▶ TASK GOAL: Starting at the line that contains "Relikwiarz drewniany w", transcribe each line through the end of the material below, exactly and nothing else, leaving out the pictures.

▶ SUPPLIED INFORMATION:

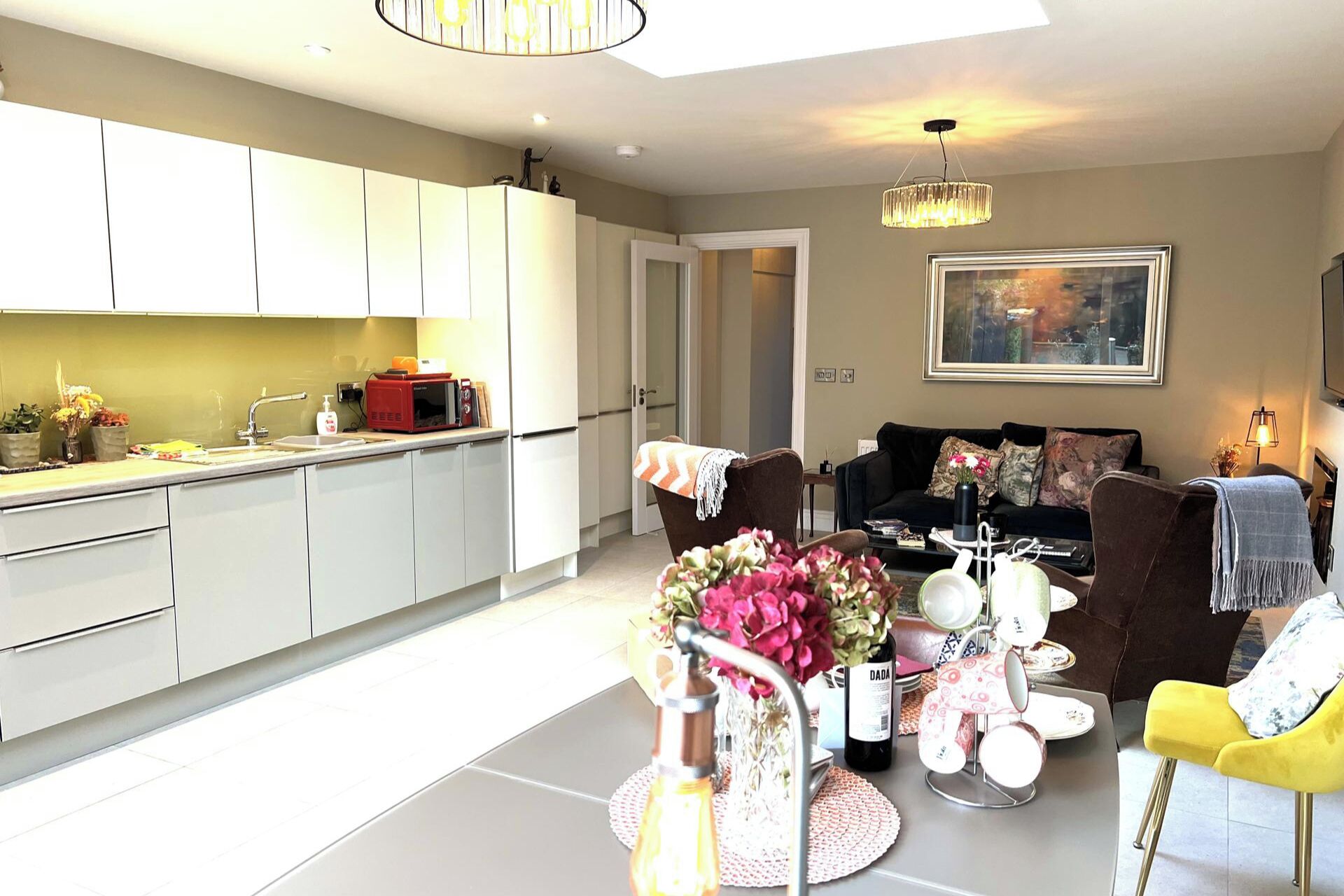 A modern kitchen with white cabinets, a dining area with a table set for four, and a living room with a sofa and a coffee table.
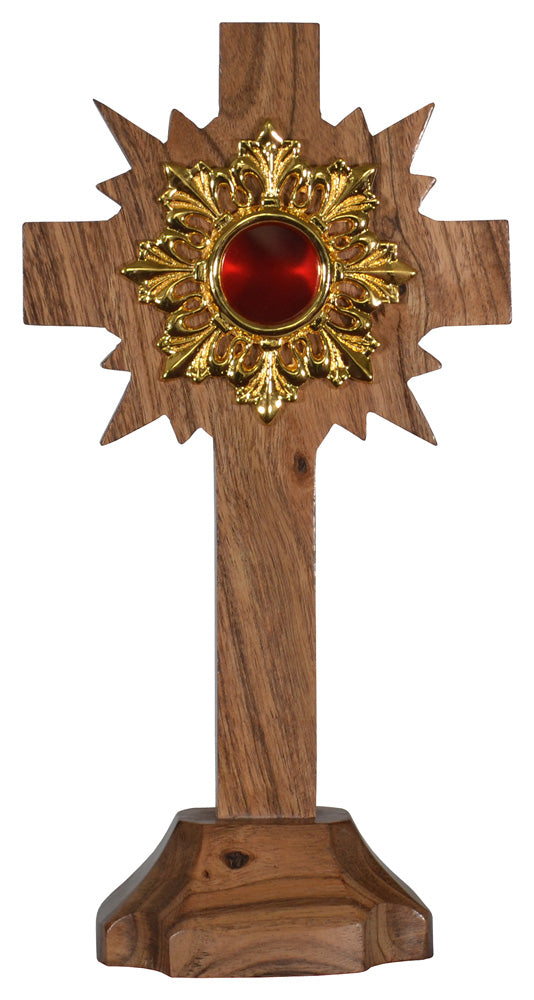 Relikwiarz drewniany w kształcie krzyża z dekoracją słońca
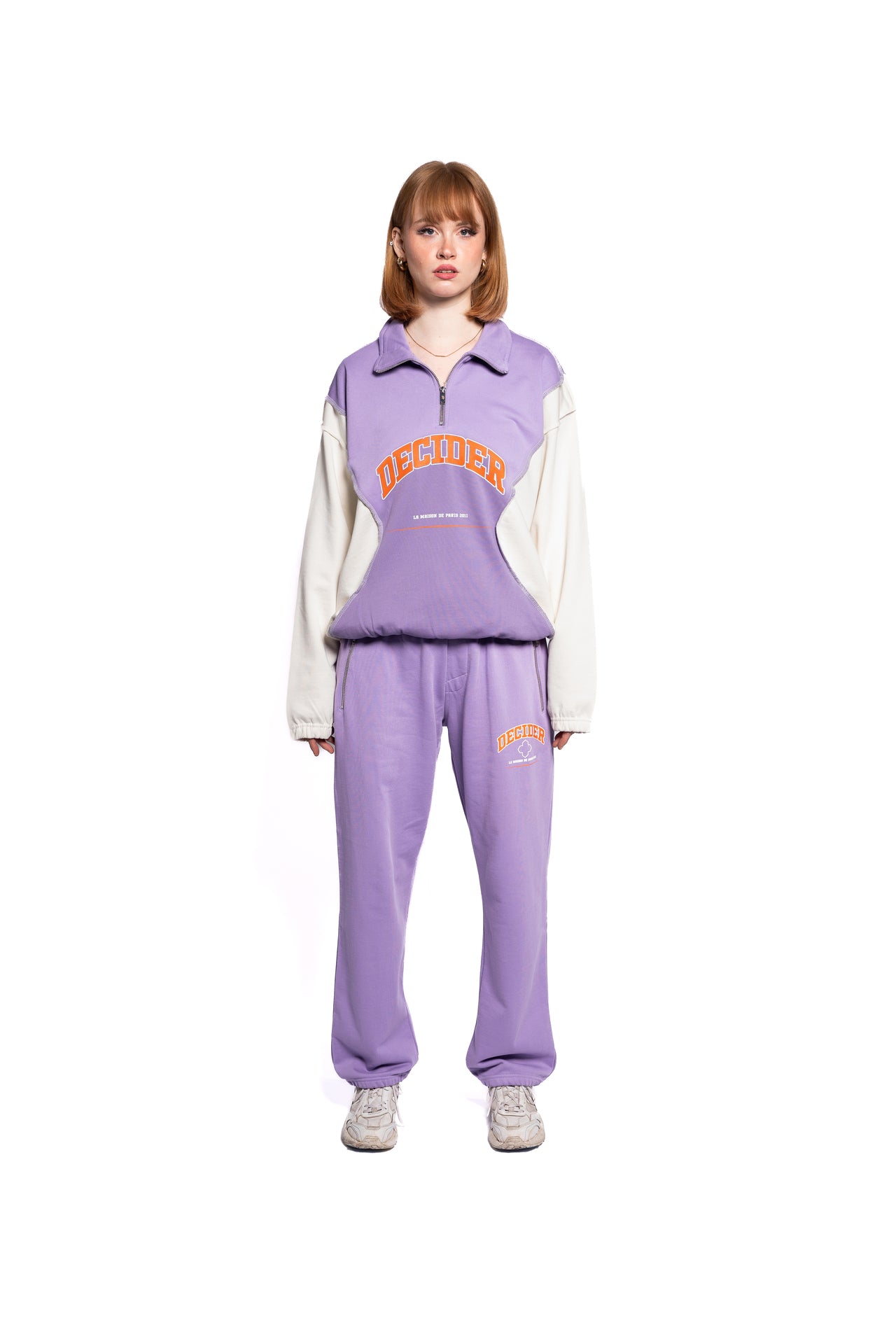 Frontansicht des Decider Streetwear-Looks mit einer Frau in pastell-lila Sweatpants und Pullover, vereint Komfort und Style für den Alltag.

▶ RESULT OF THE TASK:
 Relikwiarz drewniany w kształcie krzyża z dekoracją słońca
 Frontansicht des Decider Streetwear-Looks mit einer Frau in pastell-lila Sweatpants und Pullover, vereint Komfort und Style für den Alltag.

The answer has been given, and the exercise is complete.